— На входе разуваемся, народ, — предупредил я, громко постучавшись в дверь. — Не будем злить хозяев. В Японии говорят, что дома в обуви может находиться только мертвец. Не станем доводить дело до таких крайностей…
— Ты большой знаток японских обычаев? — наморщила лоб Катя.
— Ни хрена, — честно ответил я. — Знаю только, что у джапов нельзя ходить дома в обуви и втыкать палочки для еды в рис. Но хотя бы постараемся быть хорошими гостями.
Дверь нам открыл сам Тецудо. При взгляде на бывшего тайи, я сразу понял, что ему пришлось сегодня нелегко. Блин, да он даже стоял с трудом. Белый как полотно, глаза смотрят с каким-то лихорадочным блеском, чуть пошатывается, нетвердо держась на ногах. На лице застыла злобная гримаса, словно у какого-то языческого божка.
— Чего тебе надо, русский? — злым тоном с порога спросил он.
— В гости решил зайти, — пожал я плечами.
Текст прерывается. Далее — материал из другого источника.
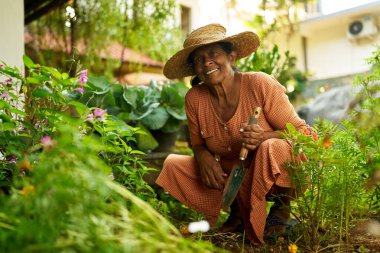 Kıdemli Hintli kadın elinde bahçe kepçesi tebessümleri meyve bahçesinde oturmuş yere çiçek dikiyor. Yaşlı Sri Lankalı mutlu kadın bahçede bitkilerle ilgileniyor. Bahçe işleri konsepti. Mutlu emeklilik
— Лучше бы тебе уйти! Не видишь, нам не до гостей, — ответил японец. Похоже, он удержался от еще большей грубости лишь усилием воли.
— Да ну? — удивился я. — И тебе здравствуй, союзник. После нескольких коррекций реальности перевод с языка на язык давался легко, забирая минимум энергии и не требуя глубокого погружения в потоки силы. — А по-моему, как раз сейчас я тебе и нужен. В вашем корпусе холодно, печь не топлена, темно, значит с электричеством тоже проблемы. Дай-ка угадаю: весь твой поротый взвод сейчас в лежку лежит, один ты еле на ногах стоишь, исключительно на морально-волевых. Верно, самурай?
— Ты пришел посмеяться? — сузил глаза до щелочек перегораживающий проход летчик. — Я вас не звал.
— А мы пришли! — я сделал решительный шаг вперед, подвинув японца чуть в сторонку. — Сил нет на вас таких смотреть. Не дури, Тецудо. У меня здесь врач и медсестра. Они владеют силой, и у Ильи немного получается лечить. Вам помогут унять боль, Матвей растопит печь, я налажу электричество. Вы же в свой корпус только вселились. Девчонки вам поесть приготовят. И да, не думай, что мы тебе делаем одолжение или оказываем помощь. Я так поступаю исключительно из эгоистических соображений.
— Вот как? — вскинул подбородок японец. Кажется, я сумел немного удивить бывшего военного.
— Ага. По-моему, наш любимый Настоятель перегнул палку с порками и прочими епитимиями, — глядя Тецудо в глаза, сказал я. — Сегодня пороли вас, а через денек-другой, того и гляди, настанет наш черед. И я хотел бы рассчитывать в этом случае на твою помощь. Я знаю о чем говорю, завтра сам пойду за своей двадцаткой горячих… Если мы не будем держаться вместе и помогать друг другу, то как-то выживем, конечно. Но нам всем будет еще печальнее, чем сейчас. Старикан как с цепи сорвался, совсем ополоумел, сам видишь. А еще у нас есть саке и печеньки — достал я из сумки купленную в магазине с премиальных бутылку и пакет с выпеченным Наташей сладким «хворостом».